Ori.livneh has uploaded a new change for review.

  https://gerrit.wikimedia.org/r/88009


Change subject: Add Icinga check for l10nupdate & drop !log-based alerts
......................................................................

Add Icinga check for l10nupdate & drop !log-based alerts

Localisation update is the only job that uses !log to issue alerts, to my
knowledge, and it does so indiscriminantly, spamming the server admin log with
both successes and failures.

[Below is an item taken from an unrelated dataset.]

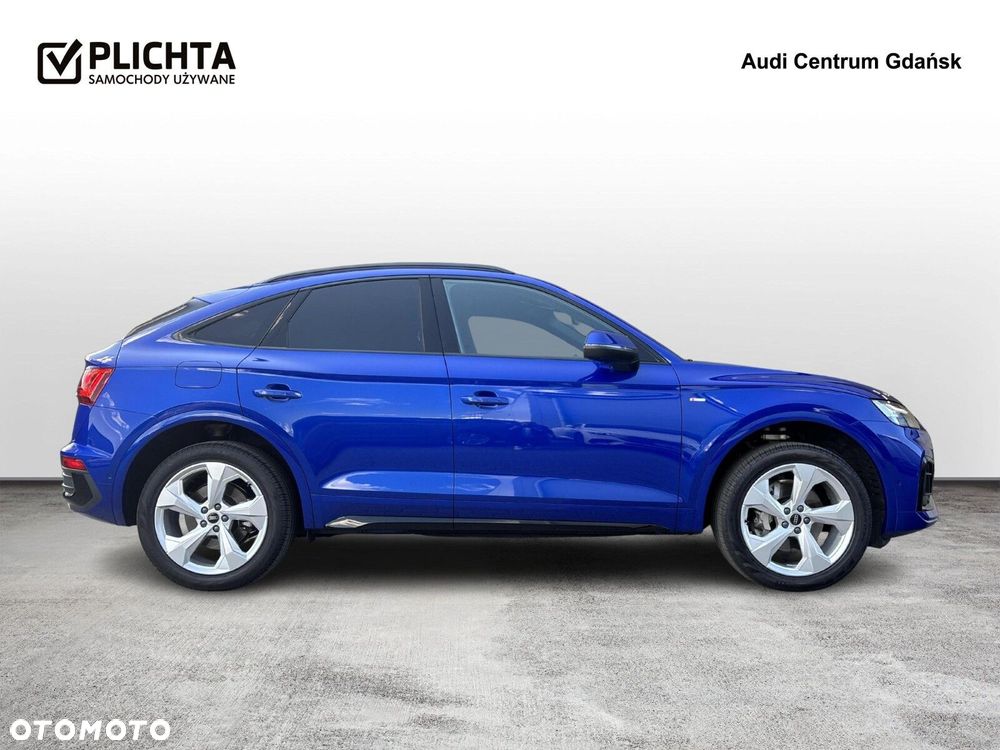 Audi Q5 Sportback - 7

It's not clear to me that anyone takes its
failures very seriously, either. (The last run failed, for example.)

This patch adds an Icinga plug-in that checks the status of the localisation
cache. It issues a WARNING if the caches are >26 hours old, and a CRITICAL if
over >50. The numbers were chosen because l10nupdate runs once a day and takes
some arbitrary fraction of an hour to complete, and because failures are (in my
anecdotal experience) typically given another shot to self-correct before being
debugged.

With the Icinga check in effect, it would not be necessary (or appropriate) for
l10nupdate to use the SAL, so this patch also updates l10nupdate-1 to echo
verbose log messages to standard out instead. (The l10nupdate cron job
redirects stdout to a log file.)

Change-Id: I6eca6c063319a2663bb25d76a92709103c9dd88a
---
A files/icinga/check_l10n_cache
M files/misc/l10nupdate/l10nupdate-1
M manifests/misc/deployment.pp
M templates/icinga/checkcommands.cfg.erb
4 files changed, 76 insertions(+), 12 deletions(-)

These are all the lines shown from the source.